The topics covered in this lesson are roles and permissions, Confidentiality, Non-repudiation, roles users permissions, and how this all comes together.
The second area I want to
talk about and I’m especially excited to talk about it because I refactored a lot
of code and added support for a lot of this stuff is – roles and permissions and
role management and so an important concept in security is confidentiality
and I hope you’re all familiar with this one basically says that we want the
stuff that should be secret to remain secret and we want to ensure that only
the people who are allowed to access our stuff can
and in ScyllaDB this means that we want to limit who can read certain parts of the
database and another important concept in security is a non-repudiation and
the definition of this is that nobody can refute the state of data but that’s
a little hard to understand I think. What it really means is that we understand
exactly how data came to be the way it is, we understand who did what, when,
what they did and how they did it. And we can be sure of that information
So the combination of defining what exists in the database in terms of describing the
different things that are in there and how we describe and define who can do
what is called authorization, who’s allowed to do what and so we define a
resource is basically an identifier for something in the database and we have a
resource describing a table for example or a keyspace encompassing many tables
or even a particular role, and I’ll get to what a role is in a second, and we
have a certain fixed set of permissions like CREATE or ALTER or SELECT and what
we say is that a particular CQL operation is enabled or allowed given a
particular combination of a resource and permission, so for example if I say Joe
Smith needs to be able to query the events table then I can enable that
functionality by granting the SELECT permission to the events table
to Joe Smith and like with users internally this is just a table in ScyllaDB
and we have columns for a user, a resource and a permission set and so
checking the permissions basically means that first before executing any query we
have to query this permissions table for the combination of the resource and
the permission and identify, excuse me let me go back a little bit, for the user
and the resource, pardon me, identify which permissions have been granted for
that user and that resource and then make sure that the operation that’s being
executed is within that set of permissions and so that means that every
time we execute a query we have to do the second query to check what the
permissions are and you might think that there’s a lot of overhead of doing that
and you’d probably be right so we have a caching there that caches all this stuff
so you don’t have to execute all these additional CQL queries and that cache is
a time-based cache so after certain amount of time the cache will be evicted
and the data will be reloaded and you can configure the time for that at the
user level in the .yml file. And so this is a nice model it works fairly
well but then you start to realize that there are difficulties in practice and
mostly operational so if you have lots of different tables and lots of
different types of data and you have lots of users, then every time you add a
new user you’re gonna have to go through this hassle of adding permissions to the
appropriate things for each one and then the problem is even more
annoying when you want to change permissions you may have to repeat this
change of permissions for many many users and this even describing it to you
now it sends incredibly tedious and as we all know when systems are hard to use
and tedious – laziness usually wins and so what people are frequently do in the
face of systems that are hard to use is they’ll try to subvert them and how
would you subvert a system like this well you probably just have a user like
developer with a password like Nintendo and you give everybody the same username
and password and everybody just uses that and the problem with that, is that
you’re actually subverting and missing the point entirely of using users all
the benefits that we’ve talked about just go out the window because now you
have shared credentials, you don’t have non-repudiation, you don’t know who did
what, you can’t limit access to information, it’s a big mess so we want
to avoid systems where doing the right thing is hard, we want to develop systems
where doing the right thing is out of the hands of people, so a role is a
concept that stems from this idea that if you have a large number of users
they’re probably going to do similar kinds of things, they’re probably going
to have access to the same kinds of data and so what we do is we
extract the set of permissions and resources into a named entity called a
role, so a role is just a collection of
permissions and resources and unlike users we can assign a role to another
role, so let me explain what that means with an example, did I miss a slide…

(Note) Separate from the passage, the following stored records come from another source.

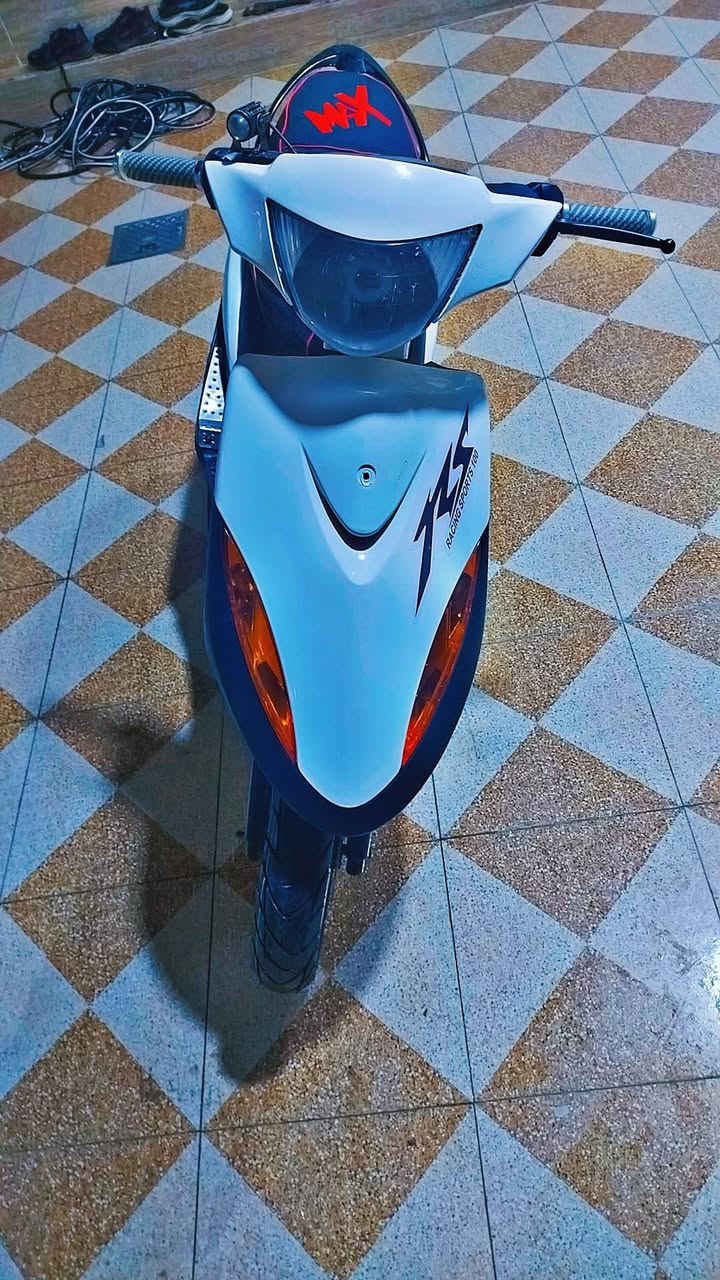 ماكس للبيع
بوشه 55 
بدل بيه ولفات 
كفرات جدد
زوج  تواير جدد
دراجه كامله 
سعر 550 بي مجال
الاتصال ***********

okay I’m gonna just go backwards after.. So for example, all the analysts at our
company are gonna be assigned the role analyst and all analysts need to be able
to query the customers table and Joe. Smith is an analyst so we’re gonna grant
him the analyst role and that means that. Joe Smith inherits all the roles that
have been granted, excuse me, all the permissions that have been granted to
the analyst role and now let me go backwards, so you may be asking well what
about users and the interesting thing is that all users are roles rules are a
generalization of users, I’d like to think that users are just roles that can
login to the system so there’s a login flag when
if you allow a role to log in, I call it a user but otherwise it’s a role but
really roles encompass users roles are the abstraction that we want
to be thinking about here so implementing roles is you know
it required lots of implementation changes to the code and refactoring in
restructuring but that’s not really what. I want to talk about, the most important
thing is that logically roles and their relationship to each other are form a
directed graph and you can see in this example here that I have the Joe Smith
user that the Tim Jones user and I have two roles analyst and team_lead and I’m
gonna grant analyst to jsmith, jsmith is an analyst and
Tim is a team_lead but also I want the team_lead to have all the permissions of
analyst and so what that means is when we think about our graph that’s formed
we see that an edge from one node to another implies that that node is a
member of another node so jsmith is a member of analyst so jsmith is an
analyst and so if we want to identify the roles of all the roles of a
particular user or particular role we can just follow the
graph so tjones is a team_lead and is an analyst so we’re just following and
so we can’t go any more and so what we do is we we implement this directed
graph representation again in a table in. CQL and we just do that as
a collect association from node to node with edges and what’s very nice
about this feature of roles is that once we actually enforce the difference
between a user who is an individual and identity and a function which is like
what they’re doing what they’re actually doing with the database is now we get
access to a whole lot of nice security features in addition to functionality
features which I’ll which Avi alluded to and I’ll mention again in a second so
one of them is auditing, and auditing is the means by which we can record who’s
doing what at any time to the database.. We can track who is issuing queries
which tables are affected, the IP address the date, the time and this is a feature
that’s available in the enterprise edition of ScyllaDB and you can
produce this information output it into. ScyllaDB internal tables or syslog and
it’s very configurable and it’s very fine-grained and if you don’t employ a
proper separation between users and roles, you don’t get to benefit from this
information because you’re going to be reflecting very broad information that’s
not particularly useful. So this is a very very small example from our
documentation. I think the formatting is a little bit
off, I’m sorry about that, but you can see that tjones dropped the
team_roster from the NBA and I hear they’re really angry that
Before I go on,I did want to allude to what Avi mentioned earlier in his
keynote this notion of roles as being the way that we interact with the
database rather than being tied to a particular user because a user can
inherit a role, means that when we talk about features like role based SLAs
or different kinds of workflows based on
particular needs, we can actually use roles to talk about this and
implement this internally, so if we for example have an analytics workflow and a
real-time workflow then maybe we can define an analytic role and do all our
analytics with queries with that role and then we can ascribe or
define certain performance characteristics of that role of queries
executed by that role and having this model allows us to manage
things like different access patterns in the database in ways that we really
couldn’t do before when we had this broad notion of users, because how do you
deal with an analytics user you can only have one user at a time in the database
for a given session. So this is very useful and important stuff that
actually has performance implications as well